Baptêmes et mariages donnaient lieu à des joutes entre femmes (bûki), à l’allure de ‘potlatch’. Entre l’hôtesse qui recevait et l’invitée qui offrait la surenchère de présents à chaque cérémonie finissait par acculer celle qui n’était plus en mesure de rendre. Il fallait alors « égaliser la mise » et repartir à zéro. Ces rivalités allaient de pair avec des formes d’entraide, comme des tontines grâce auxquelles les femmes finançaient leurs commerces ou d’autres activités.
Prix
Prix Georges Sadoul
Gold Hugo Award au festival de Chicago
Prix des Bibliothèques au Cinéma du Réel
Prix des Rencontres Européennes de Télévision
Contes et Décomptes – Films – 70′
VF
VA
MAKING OFF


Avec ma caméra Aaton à portée de main, je m’asseyais chaque matin sur la grande natte de l’auvent. De là, j’observais le va-et-vient incessant des enfants, clientes, cousines, amies — et des marchandises. L’argent circulait à travers les murs, dans un ballet d’interactions minuscules.
Mon preneur de son avait été admis comme « yaro », enfant symbolique assigné à toute personne « importante » — surtout une étrangère (bâki), blanche (bâturia) comme moi. Mais homme parmi des femmes invisibles aux regards extérieurs, il était gêné et filait se réfugier dans le local du matériel.

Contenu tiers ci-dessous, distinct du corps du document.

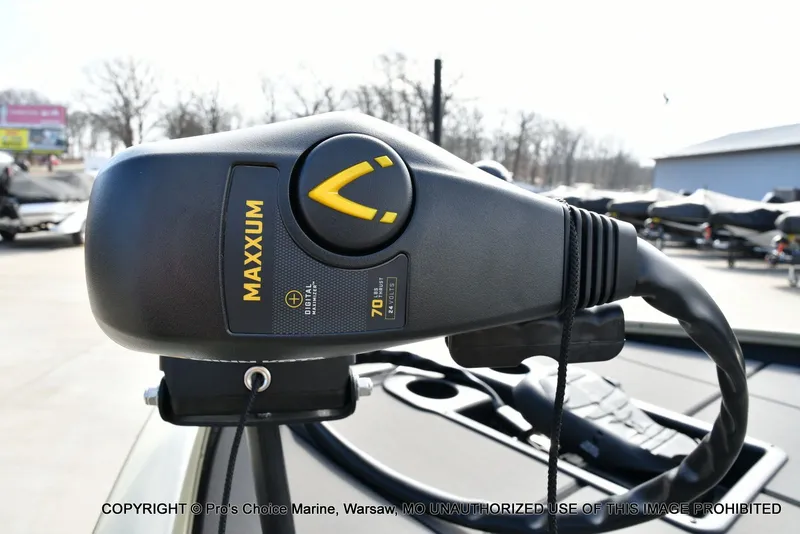 Slide: The Image of Tracker Savage 215 w/200HP Mercury 4 Stroke 2026 - 7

J’étais le témoin d’escarmouches quotidiennes avec l’intendant, Na’aka, représentant du mari. Mais c’est la cinquième épouse qui hantait les esprits au quotidien. Partageant le point de vue des épouses mises à l’écart, je n’ai pas jugé nécessaire de filmer chez Hadiza. Je suis simplement allée la voir. Elle se maquillait. Je l’ai filmée en un seul plan-séquence, déréalisé par le son — une bascule mentale, au plus près de la pensée des co-épouses à chaque évocation de leur jeune rivale.
Messagères en voix off

Les enfants en bas âge assurent un lien essentiel avec le village. Par leurs allées et venues, ils ramènent à la maison échos et rumeurs. Les petites filles, plus encore que les garçons, se montrent habiles à rapporter bribes d’histoires et confidences, tissant sans relâche le fil entre la maison et le dehors.

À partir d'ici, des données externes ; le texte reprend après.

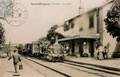 Ce sujet présente une série de cartes postales anciennes de la Gare de "Saint-Fargeau" (Yonne)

Elles m’ont paru les mieux placées pour commenter ce film. Je les emmenais en groupe au sommet de la falaise et laissais le Nagra capter librement leurs discussions sur le mariage, la vie, les hommes, les adultes, la religion, le sexe… Un regard libre sur un monde clos auquel elles échappaient encore, mais qui deviendrait, pour certaines, leur avenir. Leurs chants traverseront le film.
REVUE DE PRESSE
Quelques extraits
« Eliane de Latour joue également sur des contrastes intérieur/ extérieur, ombre et lumière, avec les portes au milieu pour restituer la pesanteur de l’enferment ».
Libération
« L’image est belle, lumineuse et fluide ».
Le Monde
« Chaleur, poussière, drôlerie, mesquinerie contribuent à la réussite de ce documentaire au temps suspendu. Un talent à suivre ».
Le Quotidien de Paris
« Un film d’une grande beauté dans son dépouillement, d’une profonde humanité. Un document essentiel ».
Humanité Dimanche
« Un drame tout en tension ».
La vie
« Contes et comptes de la cour est un film astucieux, surprenant et poétique ».
Politis
« Nous touchons du cœur et du cerveau ces héroïnes confinées. Avec en sus des plans de coupe magiques : une demi-douzaine de caprins s’ébattant incongrûment face à l’objectif ».
Télérama
« Latour’s depiction of their daily lives is beautifully punctuated with comments by their young daughters, who grow up listening to their mother’s « tales and tallies. »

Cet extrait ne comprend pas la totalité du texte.